ちょっといい話−17−
- 公開日
- 2011/01/16
- 更新日
- 2011/01/16
学校の様子
人には,「喜怒哀楽」という感情があります。その中で,“怒り・哀しみ”,そして“勇気”というものを同時に感じさせてくれたお話がありましたので,ここで紹介します。「たったひとつの命だから」(ワンライフプロジェクト編)という本の中にあった実話です。
『私の友人の娘は,少し知能の発達が遅く,小学3年の時から養護学校に行きました。最初は学校が変わっても,近所の友達が遊びに来ていました。ところが,ある日,一番仲の良かった子が,
「ゴメン,もう遊べないんだ。“遊んじゃいけない”ってママに言われたから・・・。“一緒にいると馬鹿になる”って・・・。」
と,その仲の良かった友達は,平然と言ったそうです。私の友人である母親は,少し離れたところで聞いていて,次の瞬間,娘の表情を見たそうです。娘は“じゃあ,またね”と言って,ニコニコして友達に手を振ったそうです。ああ。言葉の意味がわからなかったんだな・・・と,私の友人であるその子の母は思ったそうです。もう遊べないのに,この子は友達を失ったことすら理解できないんだと,悔しくて哀しくて泣いたそうです。
言われた言葉の残酷さにボロボロに傷つき,そしてこの子はこの先どこまで社会に適応できる力を養えていけるのかと,不安が恐怖になり,不眠症が始まったそうです。・・・(略)・・・。

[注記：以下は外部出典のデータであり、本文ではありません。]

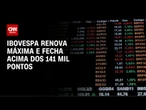 Agora: Bolsa do Brasil renova máxima histórica | CNN 360°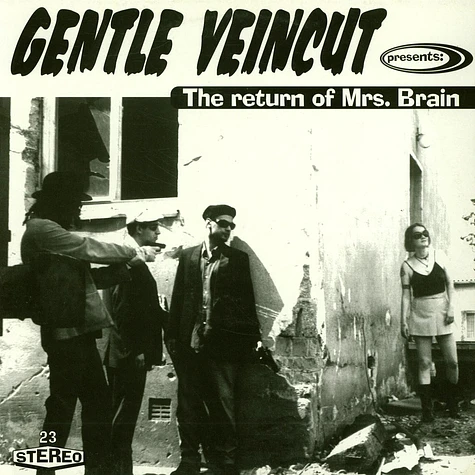 Gentle Veincut - The Return Of Mrs. Brain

それから,半年が過ぎた頃,娘の養護学校の授業参観で,子ども達が作文を披露したそうです。娘はこう書いていたそうです。
「○○ちゃんが,私を馬鹿だと言った。私はそれを聞いたママがかわいそうでした。私が馬鹿だから,ママが悲しみました。私のママはきれいで優しい人です。ママを悲しませないでください」・・・。
私の友人であるその子の母は,この日を境に強い母親になることを決めました。それまでのクヨクヨしていた自分と決別し,とにかく娘を宝物だと自慢して,行くところすべてに同伴させました。
あれから12年・・・。成人式を迎えいい人たちに出会って,現在,娘はパン屋さんで働いています。友人はこう言います。「この子は知能が遅れているんじゃない,怒りという感情を持ち合わせていないのと,人よりのん気なだけなんだと。娘の焼くパンは世界一おいしいんだ!」と・・・。
人生何がきっかけで,生きる勇気を与えられるかわかりません。そのことを教えてくれた,親友の親子にいつも感謝しています・・・。』
※人と人との関係を切っていく言葉のむごさに,怒り・腹立たしさを感じます。そして哀しみを覚えます。その逆に,偏見や差別に立ち向かい・抗う人たちの姿からは勇気をたくさんもらいます。そこでは,より豊かで確かな人と人とのつながりが生まれます。そんな関係がいたるところで生まれ,広がっていくことを切に願う「ちょっといい話」でした。